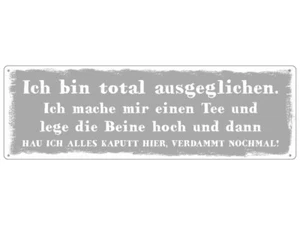 METALLSCHILD Blechschild ICH BIN TOTAL AUSGEGLICHEN Lustig Spruch Geschenk - Bild 1 von 2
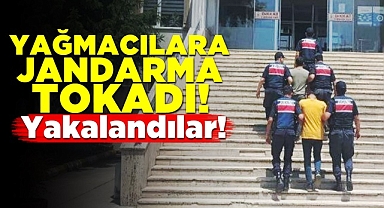 Yağmacılara jandarma tokadı! Yakalandılar!
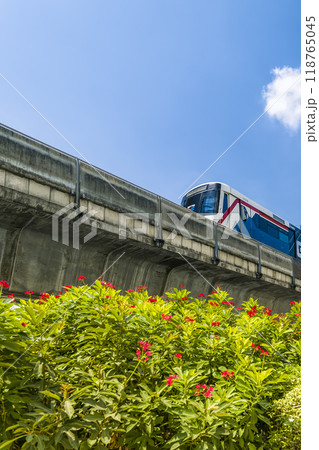 タイ・バンコクを走行するスカイトレイン車両 / Bangkok, Thailand タイ・バンコクを走行するスカイトレイン車両 / Bangkok, Thailand 118765045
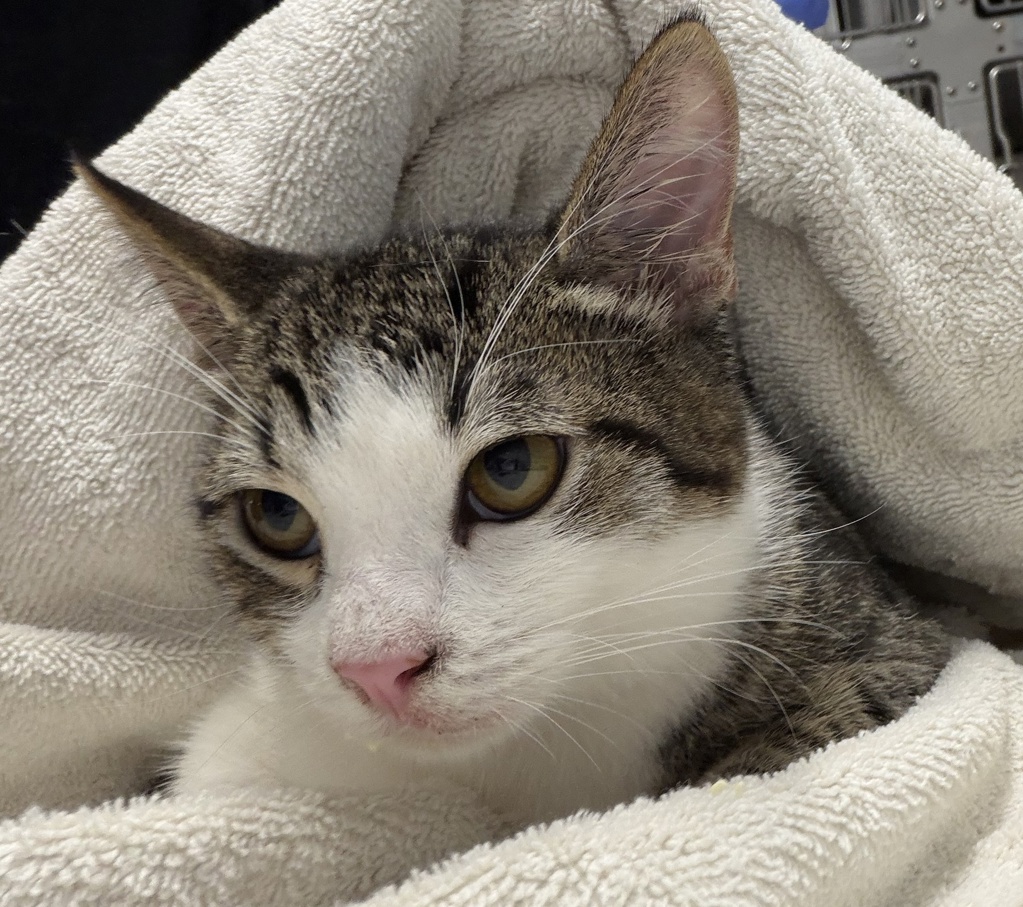 Shelter Stray Male Cat last seen Conway Dr, Escondido, CA, 92027, Escondido, CA 92027, USA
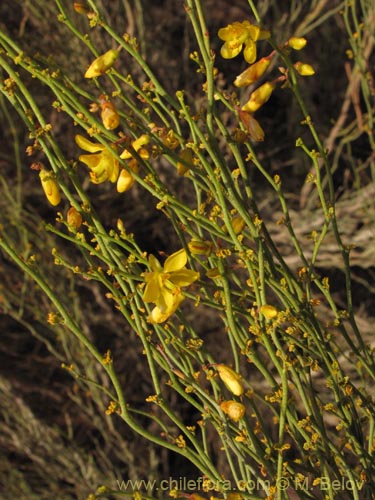 Image of Fabaceae sp. #2086 (). Click to enlarge parts of image.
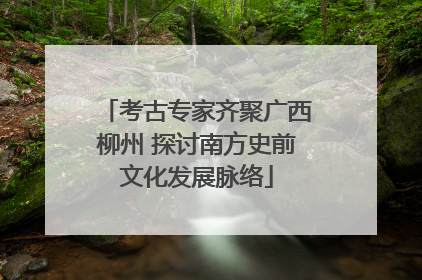 考古专家齐聚广西柳州 探讨南方史前文化发展脉络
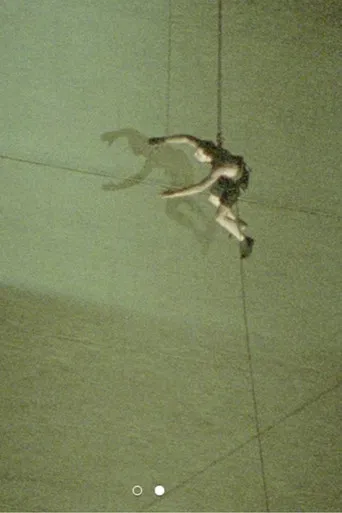 Pichón en el Obelisco poster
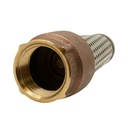 1-1/4" FIP Brass Foot Valve - W05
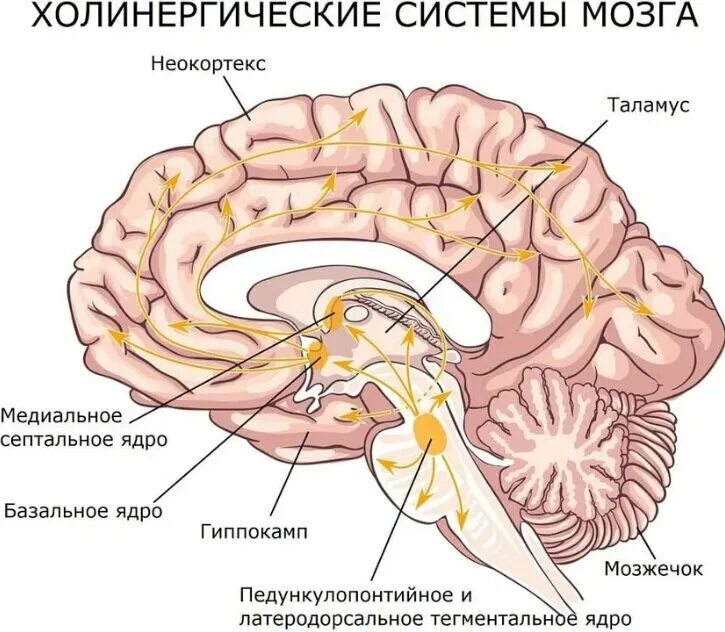 Ацетилхолин в головном мозге. Функции ацетилхолина в ЦНС. Ацетилхолин нейромедиатор. Ацетилхолин где вырабатывается.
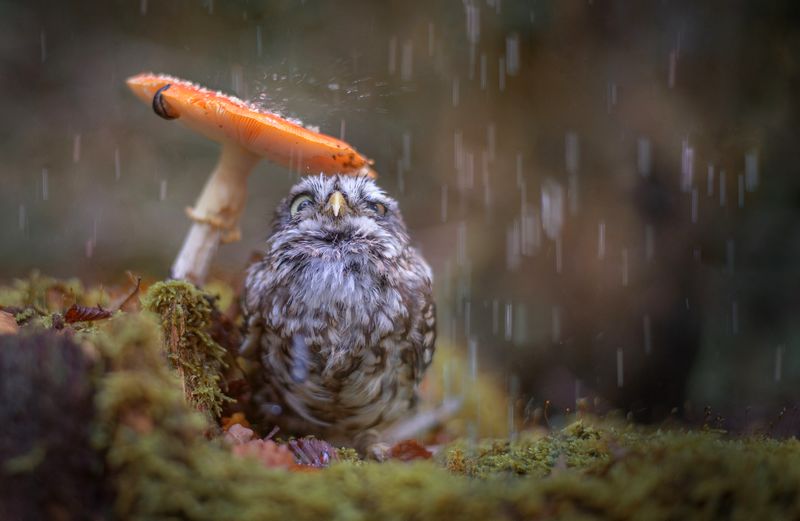 Burung di musim hujan (www.goodwp.com)
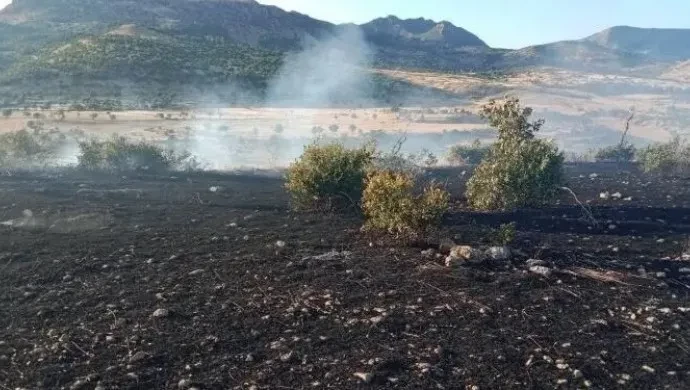 Dicle’de Trafo Yangını: 100 Dönüm Ekili Arazi Kül Oldu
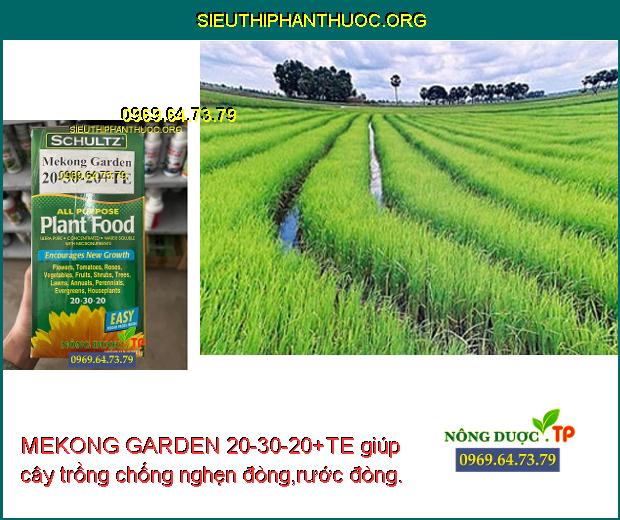 MEKONG GARDEN 20-30-20+TE giúp cây trồng chống nghẹn đòng,rước đòng.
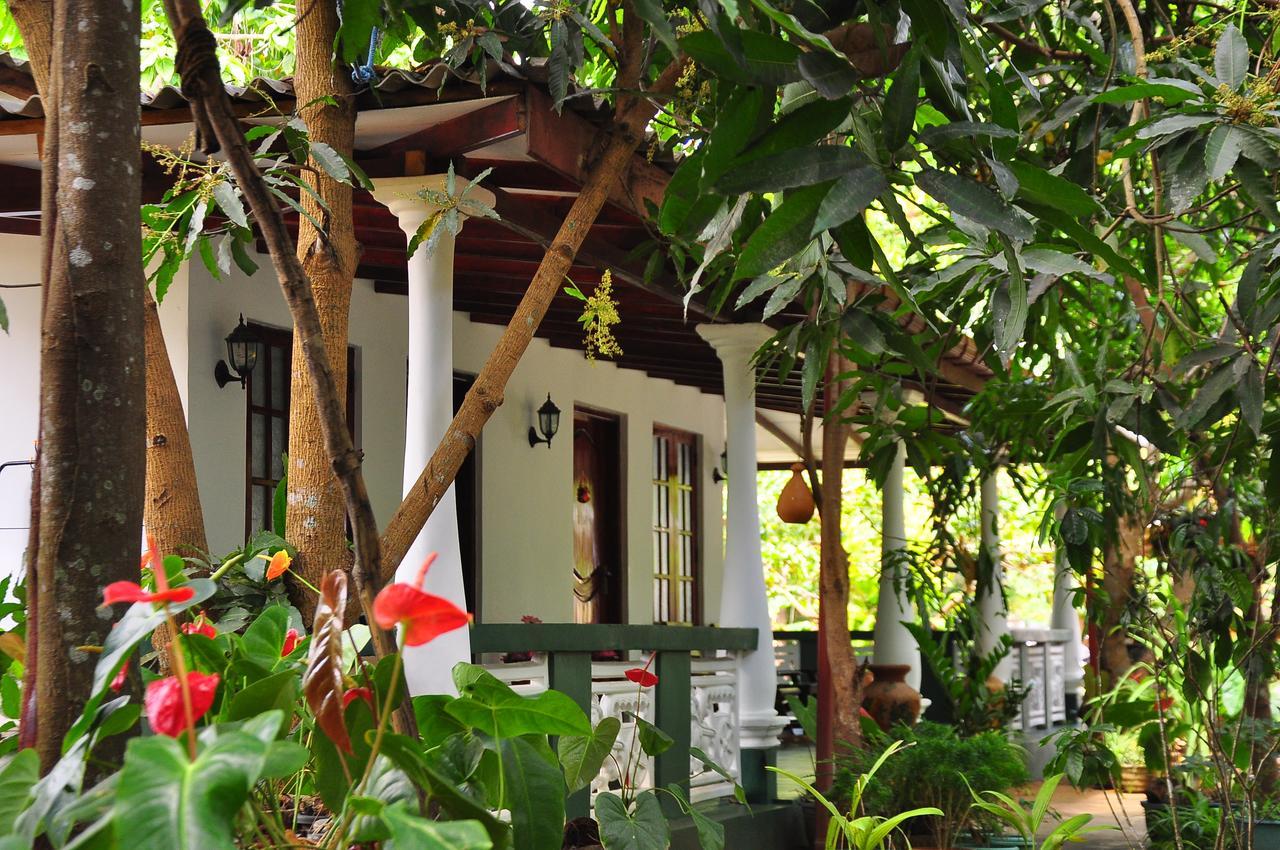 Homestay Sigiri Rock Side Sigiriya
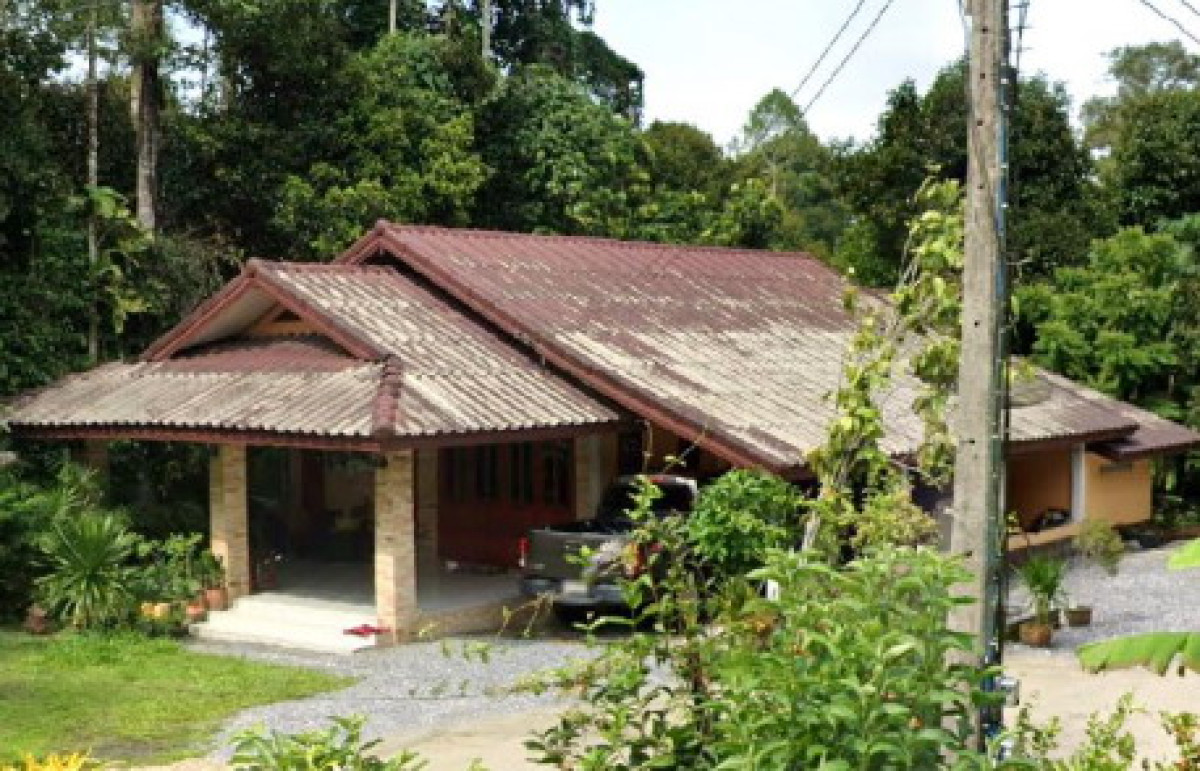 บ้านเดี่ยว นครศรีธรรมราช พรหมคีรี พรหมโลก 1005100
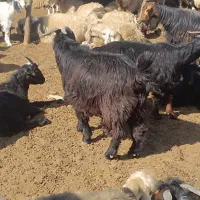 کهره نر چاق|حیوانات مزرعه|شیراز, جوادیه|دیوار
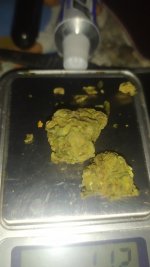 IMG_20250621_161414.jpg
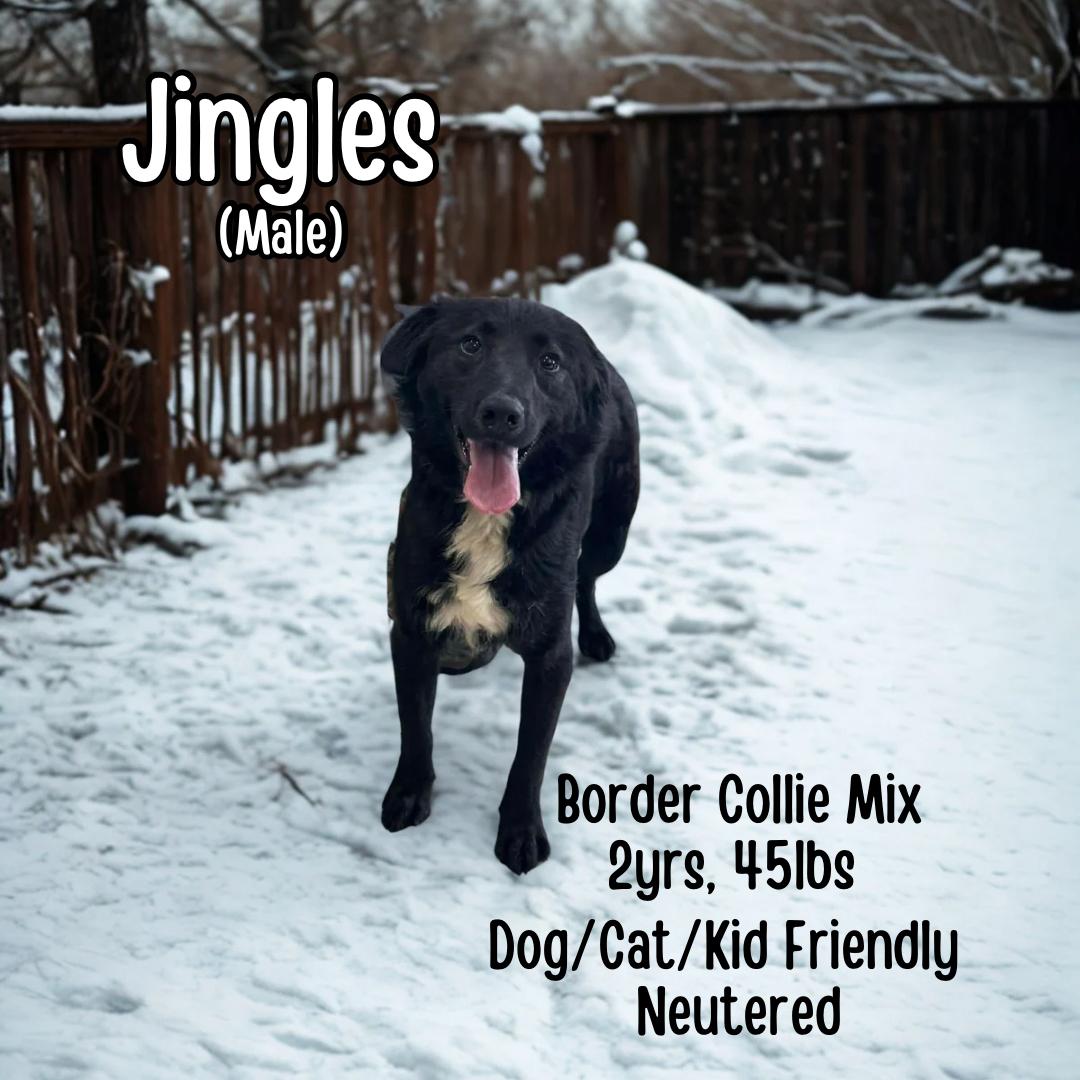 Jingles, ADOPTABLE, Adult Male Border Collie.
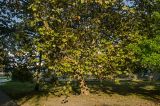 Platanus orientalis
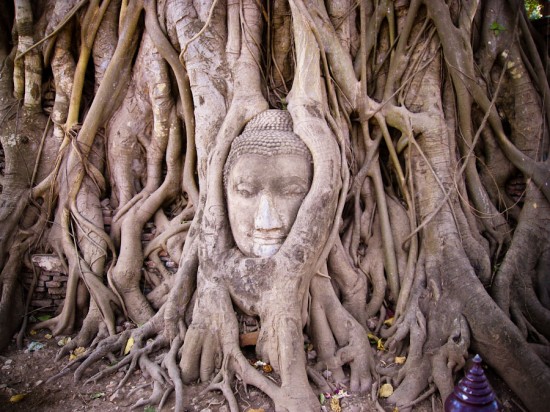Entwined Buddha head in tree
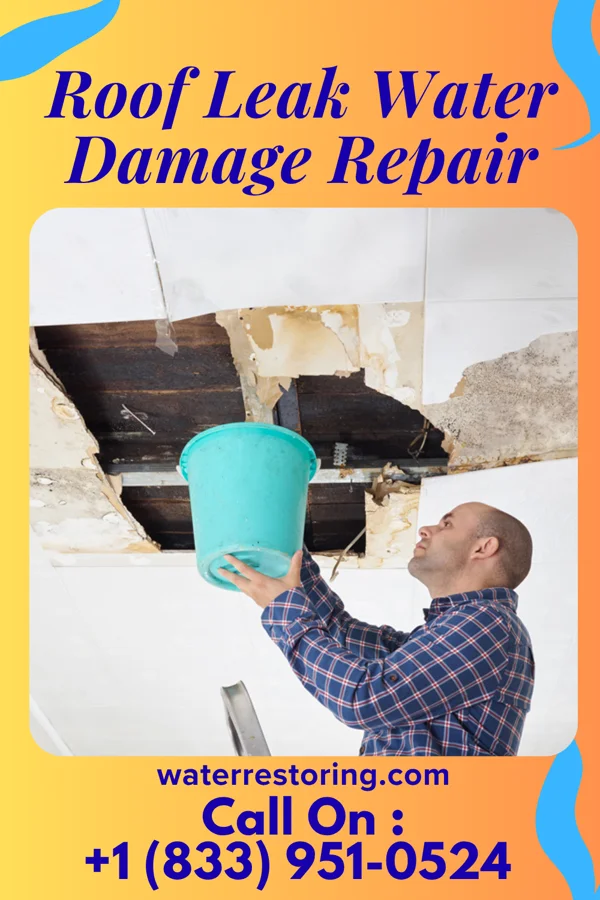 Roof Leak Water Damage Repair in Marion, MN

» Task requirements:
Quote all of the entries word for word, omitting any pictures.

» Answer space:
 METALLSCHILD Blechschild ICH BIN TOTAL AUSGEGLICHEN Lustig Spruch Geschenk - Bild 1 von 2
 Yağmacılara jandarma tokadı! Yakalandılar!
 タイ・バンコクを走行するスカイトレイン車両 / Bangkok, Thailand タイ・バンコクを走行するスカイトレイン車両 / Bangkok, Thailand 118765045
 Shelter Stray Male Cat last seen Conway Dr, Escondido, CA, 92027, Escondido, CA 92027, USA
 Image of Fabaceae sp. #2086 (). Click to enlarge parts of image.
 考古专家齐聚广西柳州 探讨南方史前文化发展脉络
 Pichón en el Obelisco poster
 1-1/4" FIP Brass Foot Valve - W05
 Ацетилхолин в головном мозге. Функции ацетилхолина в ЦНС. Ацетилхолин нейромедиатор. Ацетилхолин где вырабатывается.
 Burung di musim hujan (www.goodwp.com)
 Dicle’de Trafo Yangını: 100 Dönüm Ekili Arazi Kül Oldu
 MEKONG GARDEN 20-30-20+TE giúp cây trồng chống nghẹn đòng,rước đòng.
 Homestay Sigiri Rock Side Sigiriya
 บ้านเดี่ยว นครศรีธรรมราช พรหมคีรี พรหมโลก 1005100
 کهره نر چاق|حیوانات مزرعه|شیراز, جوادیه|دیوار
 IMG_20250621_161414.jpg
 Jingles, ADOPTABLE, Adult Male Border Collie.
 Platanus orientalis
Entwined Buddha head in tree
 Roof Leak Water Damage Repair in Marion, MN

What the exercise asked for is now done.